_Work task_. Search the records for lines with the word "stone" and copy each match.

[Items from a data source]
╔══

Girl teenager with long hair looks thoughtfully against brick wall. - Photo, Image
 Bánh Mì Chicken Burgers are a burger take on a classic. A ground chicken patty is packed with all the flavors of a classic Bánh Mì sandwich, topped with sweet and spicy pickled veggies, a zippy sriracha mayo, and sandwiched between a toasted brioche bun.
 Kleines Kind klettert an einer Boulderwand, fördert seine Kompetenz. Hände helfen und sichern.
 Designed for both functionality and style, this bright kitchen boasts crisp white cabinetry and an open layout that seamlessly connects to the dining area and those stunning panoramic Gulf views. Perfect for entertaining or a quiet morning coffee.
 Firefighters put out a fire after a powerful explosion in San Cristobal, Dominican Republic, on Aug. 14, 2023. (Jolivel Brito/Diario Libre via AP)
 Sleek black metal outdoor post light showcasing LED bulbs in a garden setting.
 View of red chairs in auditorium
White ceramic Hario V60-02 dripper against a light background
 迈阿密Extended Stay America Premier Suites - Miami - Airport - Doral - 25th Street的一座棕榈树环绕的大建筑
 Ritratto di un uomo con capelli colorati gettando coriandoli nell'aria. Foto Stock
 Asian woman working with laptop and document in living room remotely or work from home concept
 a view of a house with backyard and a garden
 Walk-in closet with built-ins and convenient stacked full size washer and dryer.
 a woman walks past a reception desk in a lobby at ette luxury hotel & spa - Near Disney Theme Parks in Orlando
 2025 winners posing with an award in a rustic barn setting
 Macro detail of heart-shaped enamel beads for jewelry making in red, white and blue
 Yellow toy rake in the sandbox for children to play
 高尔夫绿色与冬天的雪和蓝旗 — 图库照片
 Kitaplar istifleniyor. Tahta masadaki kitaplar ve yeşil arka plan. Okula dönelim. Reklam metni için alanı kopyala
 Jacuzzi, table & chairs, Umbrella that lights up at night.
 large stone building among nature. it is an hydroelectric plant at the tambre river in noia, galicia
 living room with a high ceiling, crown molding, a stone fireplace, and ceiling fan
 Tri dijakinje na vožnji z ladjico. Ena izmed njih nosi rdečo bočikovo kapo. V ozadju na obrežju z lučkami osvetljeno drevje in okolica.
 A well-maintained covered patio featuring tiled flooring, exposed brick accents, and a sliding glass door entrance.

╚══

_Answer space_.
 large stone building among nature. it is an hydroelectric plant at the tambre river in noia, galicia
 living room with a high ceiling, crown molding, a stone fireplace, and ceiling fan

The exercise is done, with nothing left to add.